Patient characteristics stratified by PAC origins and mapping approaches
| Characteristics | SRA group (n = 109) | DRA group (n = 79) | P-value |
|---|---|---|---|
| Frequent PACs without atrial tachyarrhythmias | 54 (49.5) | 42 (53.1) | 0.624 |
| Residual PACs after atrial tachyarrhythmias ablation | 55 (50.5) | 37 (46.8) | 0.624 |
| Age | 60.7 ± 2.1 | 61.3 ± 2.7 | 0.088 |
| Women | 45 (41.2) | 36 (45.5) | 0.558 |
| BMI, kg/m2 | 22.9 ± 0.9 | 23.1 ± 1.1 | 0.173 |
| NT-proBNP, pg/mL | 187 (55, 381) | 174 (42, 401) | 0.416 |
| Creatinine, mg/dL | 0.86 ± 0.12 | 0.88 ± 0.18 | 0.362 |
| Left atrial diameter, mm | 38.2 ± 3.2 | 37.5 ± 3.7 | 0.167 |
| LVEF, % | 64.1 ± 3.8 | 63.6 ± 4.1 | 0.390 |
| Comorbidity | |||
| ȃHypertension | 52 (47.7) | 33 (41.7) | 0.419 |
| ȃDiabetes mellitus | 12 (11.0) | 10 (9.2) | 0.728 |
| ȃCoronary artery disease | 13 (11.9) | 11 (13.9) | 0.685 |
| ȃCongestive heart failure | 10 (9.2) | 11 (13.9) | 0.307 |
| ȃHistory of stroke | 4 (3.7) | 2 (2.5) | >0.999 |
| ȃCurrent smoker | 42 (38.5) | 33 (41.8) | 0.654 |
| ȃCHA2DS2-VASc score | 1.8 ± 0.4 | 1.9 ± 0.5 | 0.129 |
| Refractory to antiarrhythmics | |||
| ȃBeta-blockers | 79 (72.4) | 55 (69.6) | 0.669 |
| ȃAmiodarone | 34 (31.2) | 18 (22.8) | 0.203 |
| ȃPropafenone | 36 (33.0) | 35 (44.3) | 0.116 |
| ȃMoricizine | 6 (5.5) | 2 (2.5) | 0.319 |
| Antithrombotic therapy before the procedure | |||
| ȃAnticoagulants | 36 (33.3) | 22 (27.8) | 0.448 |
| ȃAntiplatelet drugs | 32 (29.3) | 26 (32.9) | 0.603 |
| ȃNone | 41 (37.6) | 31 (39.2) | 0.821 |
| PAC count on baseline 24 h Holter monitoringa | 12 215 (5475, 24 154) | 13 227 (5714, 25 675) | 0.397 |
| PAC count per 5 min for residual PACs | 73 (58, 102) | 77 (56, 97) | 0.329 |
BMI, body mass index; CHA2DS2-VASc, congestive heart failure, hypertension, age 75 years or older, diabetes mellitus, previous stroke or transient ischaemic attack, vascular disease, age 65–74 years, female; DRA, dual-reference approach; LVEF, left ventricular ejection fraction; NT-proBNP, N-terminal prohormone of brain natriuretic peptide; PAC, premature atrial complexes; SRA, single-reference approach.
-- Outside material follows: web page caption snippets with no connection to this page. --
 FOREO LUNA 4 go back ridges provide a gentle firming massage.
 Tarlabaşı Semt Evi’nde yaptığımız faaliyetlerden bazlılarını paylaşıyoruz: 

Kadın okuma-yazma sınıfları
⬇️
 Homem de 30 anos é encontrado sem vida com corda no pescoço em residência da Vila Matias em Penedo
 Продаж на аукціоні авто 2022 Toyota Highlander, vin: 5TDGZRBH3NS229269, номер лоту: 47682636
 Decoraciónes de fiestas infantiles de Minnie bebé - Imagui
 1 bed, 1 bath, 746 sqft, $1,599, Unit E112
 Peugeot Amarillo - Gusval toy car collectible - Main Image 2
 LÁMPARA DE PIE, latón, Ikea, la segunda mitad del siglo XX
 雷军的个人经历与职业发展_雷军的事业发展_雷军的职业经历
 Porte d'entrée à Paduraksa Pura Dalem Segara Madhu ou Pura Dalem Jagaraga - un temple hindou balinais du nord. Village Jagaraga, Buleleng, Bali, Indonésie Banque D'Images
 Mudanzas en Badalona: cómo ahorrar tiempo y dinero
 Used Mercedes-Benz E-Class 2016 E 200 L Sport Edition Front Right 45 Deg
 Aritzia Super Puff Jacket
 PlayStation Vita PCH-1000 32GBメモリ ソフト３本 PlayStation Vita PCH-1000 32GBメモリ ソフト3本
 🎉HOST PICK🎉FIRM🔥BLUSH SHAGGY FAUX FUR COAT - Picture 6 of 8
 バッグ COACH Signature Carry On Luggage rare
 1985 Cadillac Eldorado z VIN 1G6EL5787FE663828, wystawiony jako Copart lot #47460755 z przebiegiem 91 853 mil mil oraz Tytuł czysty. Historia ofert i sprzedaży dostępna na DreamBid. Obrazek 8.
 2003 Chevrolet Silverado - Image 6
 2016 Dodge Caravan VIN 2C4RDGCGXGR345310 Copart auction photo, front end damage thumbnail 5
Patients with frequent residual PACs after ablation of atrial tachyarrhythmias were not included.
Procedures
A representative case of the SRA of PACs’ mapping is shown in Figure 3. In this case, the fixed CS 56 electrogram served as the timing reference. The P wave morphology and CS activation sequence were similar between the bumped ectopies (Figure 3A) and the targeted PACs (Figure 3B). Two earliest activation sites, i.e. the lateral wall of right atrium and 7 o’clock of the tricuspid annulus, were presented in the activation map simultaneously, suggesting that there were points mistakenly collected. Some of the mistaken points were indicated by the bumping noise, while the others were recognized by carefully comparing P wave morphology and coupling interval. After a time-consuming process of reannotation, the bumped ectopies at lateral wall were removed, and the satisfactory target was set at the 7 o’clock of tricuspid annulus. In procedures using SRA, point-by-point reannotation and reverification afterwards, as well as repeated mapping, were commonly performed as too many mistakenly collected points.
Figure 3.
Representative case of PACs mapping using the SRA. (A) A bumped ectopy and (B) the targeted PACs. Tracings are 12-lead ECG (a) and intracardiac electrograms (b) recorded from the CS catheter (CS 1–10), a multipolar mapping catheter (penta 1–20), and an ablation catheter (MAP 1–4) in a patient with frequent PACs. Corresponding activation maps of right atrium before and after manual reannotation show on c and d, respectively. The CS catheter was set as the only timing reference. Noted that the P′ wave morphology and CS activation sequence were roughly identical between the bumped ectopy and the targeted PACs. Before the reannotation, two sites exhibited the equally earliest activation, i.e. the lateral wall (Ac) and 7 o’clock of tricuspid annulus (Bc), suggesting the presence of mistakenly collected points. After a time-consuming process of manual reannotation, the bumped points on the lateral wall were removed (Ad). The satisfactory target was therefore set at the 7 o’clock of tricuspid annulus (Bd). CRA, cranial; CS, coronary sinus; LAO, left anterior oblique; PA, posterior–anterior; PACs, premature atrial complexes.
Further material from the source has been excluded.